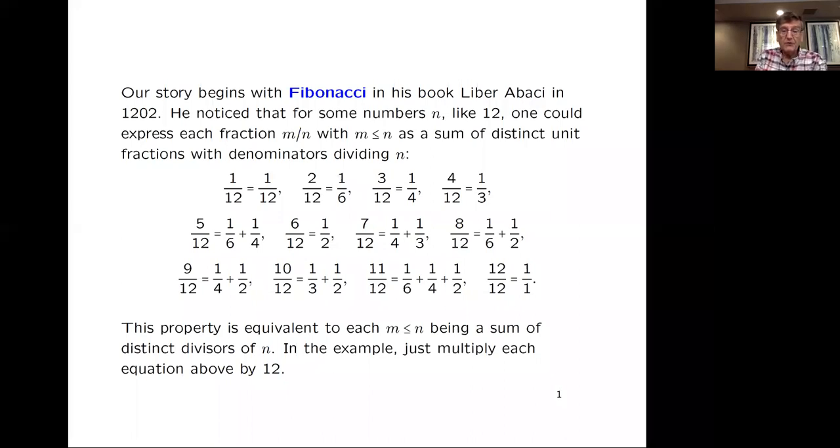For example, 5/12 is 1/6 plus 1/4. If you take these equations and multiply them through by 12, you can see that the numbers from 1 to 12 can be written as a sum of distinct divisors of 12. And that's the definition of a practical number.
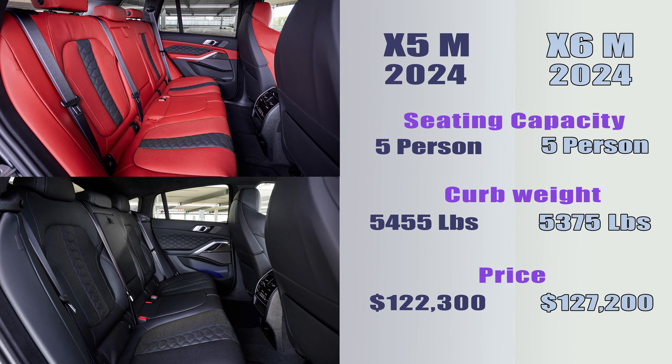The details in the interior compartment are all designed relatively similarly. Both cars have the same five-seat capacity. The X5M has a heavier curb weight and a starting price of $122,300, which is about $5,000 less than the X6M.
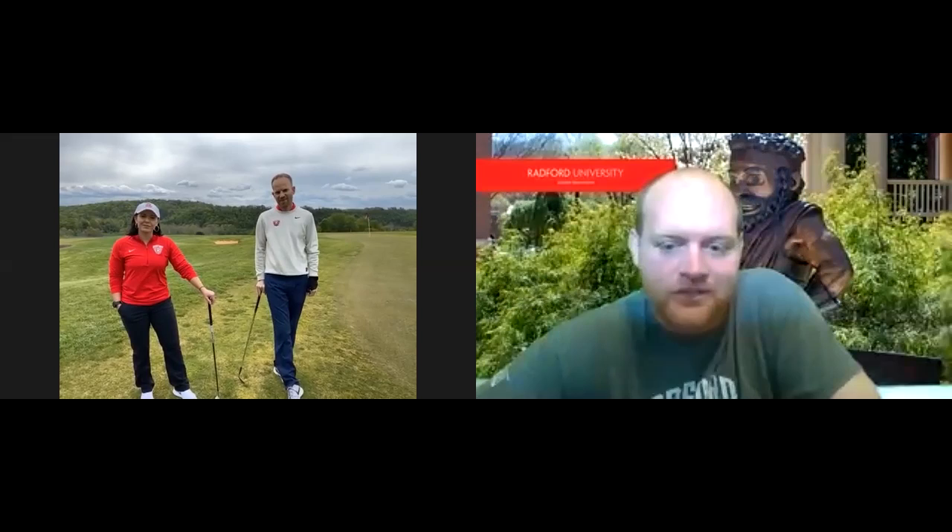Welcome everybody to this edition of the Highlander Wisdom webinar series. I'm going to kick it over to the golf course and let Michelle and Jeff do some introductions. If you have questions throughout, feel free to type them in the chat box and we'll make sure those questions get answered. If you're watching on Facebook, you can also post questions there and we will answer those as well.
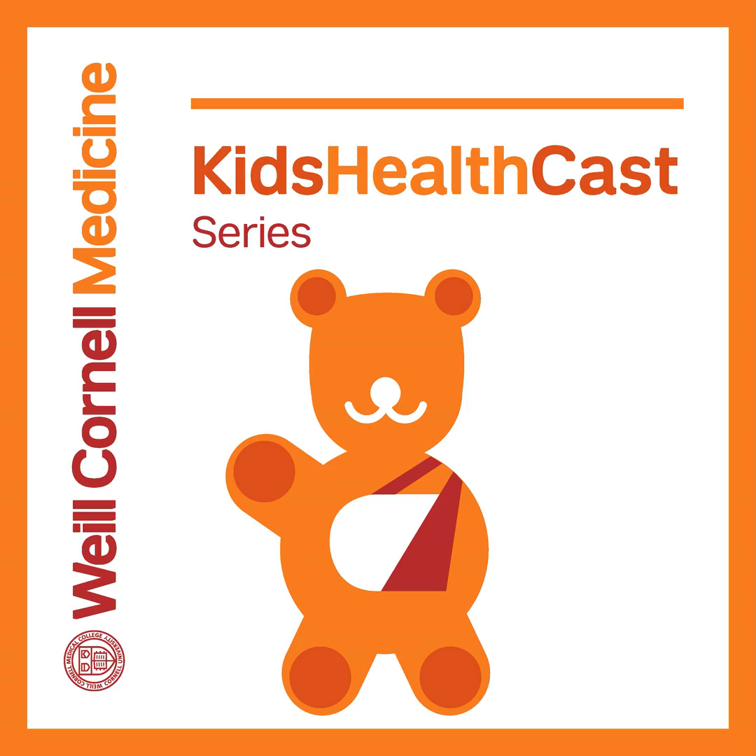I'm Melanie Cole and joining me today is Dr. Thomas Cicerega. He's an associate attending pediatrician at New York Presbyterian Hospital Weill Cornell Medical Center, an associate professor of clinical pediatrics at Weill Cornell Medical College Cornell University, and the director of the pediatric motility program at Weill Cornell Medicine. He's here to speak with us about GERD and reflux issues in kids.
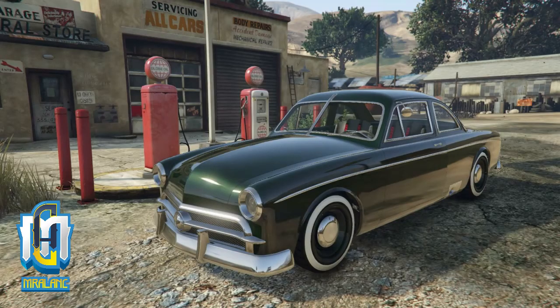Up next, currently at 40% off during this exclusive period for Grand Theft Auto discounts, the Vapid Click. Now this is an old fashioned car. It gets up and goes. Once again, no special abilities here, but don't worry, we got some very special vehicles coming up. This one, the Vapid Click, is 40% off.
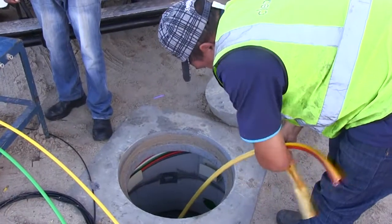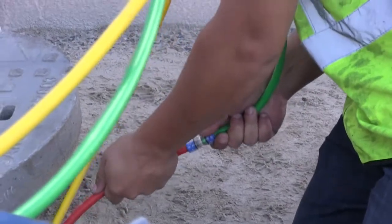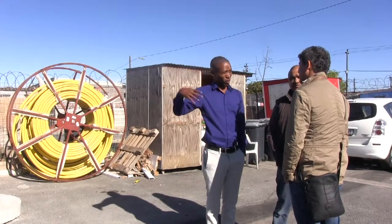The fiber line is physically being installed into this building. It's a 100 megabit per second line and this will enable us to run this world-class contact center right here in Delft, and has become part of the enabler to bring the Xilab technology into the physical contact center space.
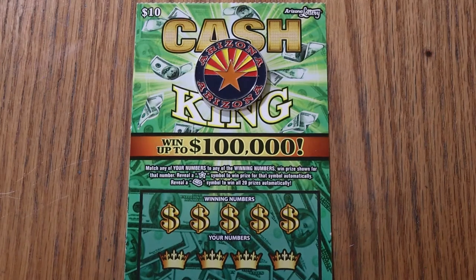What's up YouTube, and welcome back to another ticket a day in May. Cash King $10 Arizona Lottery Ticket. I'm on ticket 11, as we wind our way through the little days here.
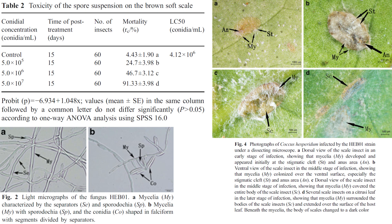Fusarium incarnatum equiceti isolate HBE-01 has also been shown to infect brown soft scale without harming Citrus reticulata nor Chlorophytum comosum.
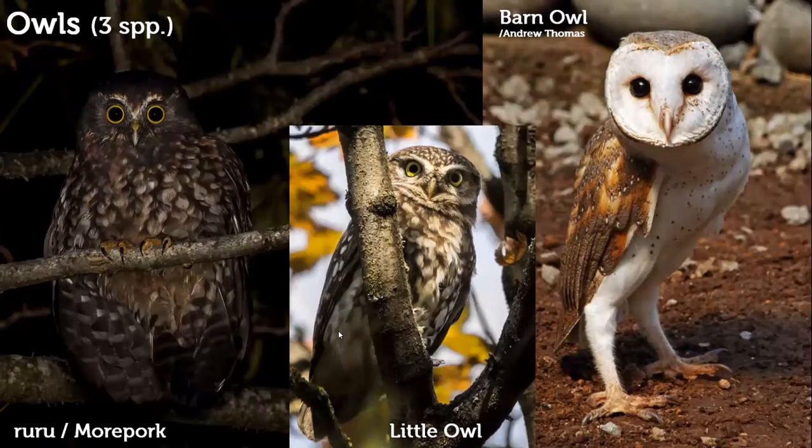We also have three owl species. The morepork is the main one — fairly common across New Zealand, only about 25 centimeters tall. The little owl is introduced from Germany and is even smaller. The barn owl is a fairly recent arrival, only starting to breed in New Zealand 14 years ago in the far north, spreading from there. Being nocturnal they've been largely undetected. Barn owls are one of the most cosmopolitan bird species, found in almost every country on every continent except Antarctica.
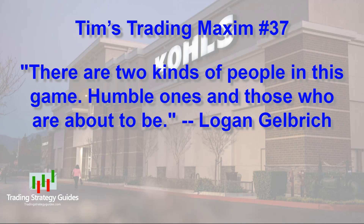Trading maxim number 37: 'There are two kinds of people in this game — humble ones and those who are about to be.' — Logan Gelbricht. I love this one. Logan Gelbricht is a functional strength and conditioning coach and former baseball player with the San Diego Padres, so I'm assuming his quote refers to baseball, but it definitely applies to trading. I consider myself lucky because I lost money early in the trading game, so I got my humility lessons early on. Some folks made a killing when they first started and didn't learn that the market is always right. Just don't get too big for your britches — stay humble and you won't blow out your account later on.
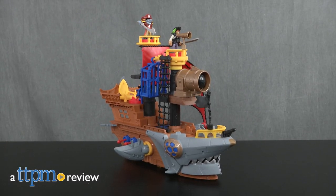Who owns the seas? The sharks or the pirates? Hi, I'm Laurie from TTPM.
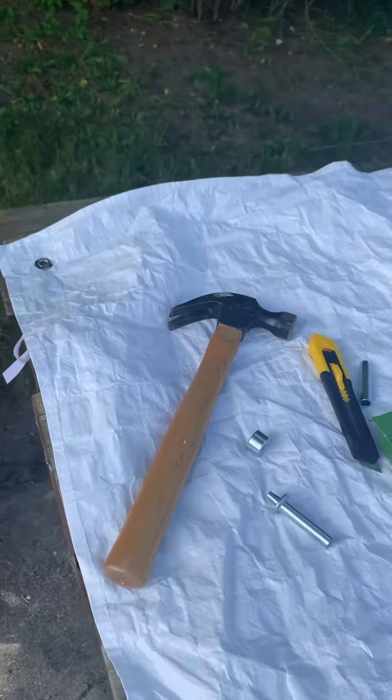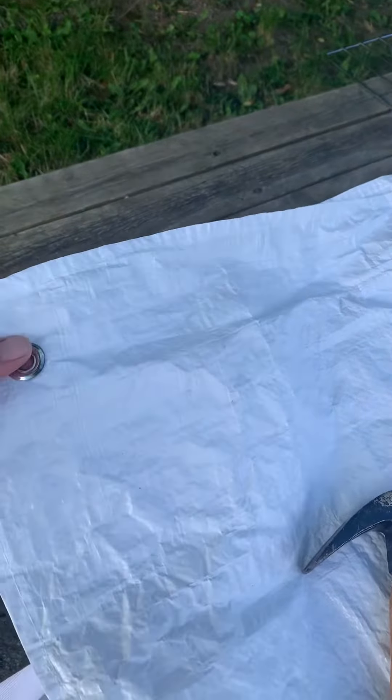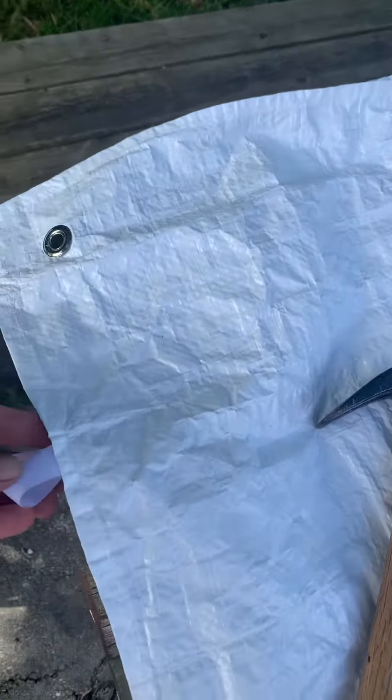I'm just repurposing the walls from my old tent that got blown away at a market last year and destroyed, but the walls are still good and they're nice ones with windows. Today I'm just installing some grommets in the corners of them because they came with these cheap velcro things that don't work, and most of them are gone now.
§
What is expected: Transcribe the records above exactly, skipping pictures.

Reply to the task:
For example, 5/12 is 1/6 plus 1/4. If you take these equations and multiply them through by 12, you can see that the numbers from 1 to 12 can be written as a sum of distinct divisors of 12. And that's the definition of a practical number.
The details in the interior compartment are all designed relatively similarly. Both cars have the same five-seat capacity. The X5M has a heavier curb weight and a starting price of $122,300, which is about $5,000 less than the X6M.
Welcome everybody to this edition of the Highlander Wisdom webinar series. I'm going to kick it over to the golf course and let Michelle and Jeff do some introductions. If you have questions throughout, feel free to type them in the chat box and we'll make sure those questions get answered. If you're watching on Facebook, you can also post questions there and we will answer those as well.
I'm Melanie Cole and joining me today is Dr. Thomas Cicerega. He's an associate attending pediatrician at New York Presbyterian Hospital Weill Cornell Medical Center, an associate professor of clinical pediatrics at Weill Cornell Medical College Cornell University, and the director of the pediatric motility program at Weill Cornell Medicine. He's here to speak with us about GERD and reflux issues in kids.
Up next, currently at 40% off during this exclusive period for Grand Theft Auto discounts, the Vapid Click. Now this is an old fashioned car. It gets up and goes. Once again, no special abilities here, but don't worry, we got some very special vehicles coming up. This one, the Vapid Click, is 40% off.
The fiber line is physically being installed into this building. It's a 100 megabit per second line and this will enable us to run this world-class contact center right here in Delft, and has become part of the enabler to bring the Xilab technology into the physical contact center space.
What's up YouTube, and welcome back to another ticket a day in May. Cash King $10 Arizona Lottery Ticket. I'm on ticket 11, as we wind our way through the little days here.
Fusarium incarnatum equiceti isolate HBE-01 has also been shown to infect brown soft scale without harming Citrus reticulata nor Chlorophytum comosum.
We also have three owl species. The morepork is the main one — fairly common across New Zealand, only about 25 centimeters tall. The little owl is introduced from Germany and is even smaller. The barn owl is a fairly recent arrival, only starting to breed in New Zealand 14 years ago in the far north, spreading from there. Being nocturnal they've been largely undetected. Barn owls are one of the most cosmopolitan bird species, found in almost every country on every continent except Antarctica.
Trading maxim number 37: 'There are two kinds of people in this game — humble ones and those who are about to be.' — Logan Gelbricht. I love this one. Logan Gelbricht is a functional strength and conditioning coach and former baseball player with the San Diego Padres, so I'm assuming his quote refers to baseball, but it definitely applies to trading. I consider myself lucky because I lost money early in the trading game, so I got my humility lessons early on. Some folks made a killing when they first started and didn't learn that the market is always right. Just don't get too big for your britches — stay humble and you won't blow out your account later on.
Who owns the seas? The sharks or the pirates? Hi, I'm Laurie from TTPM.
I'm just repurposing the walls from my old tent that got blown away at a market last year and destroyed, but the walls are still good and they're nice ones with windows. Today I'm just installing some grommets in the corners of them because they came with these cheap velcro things that don't work, and most of them are gone now.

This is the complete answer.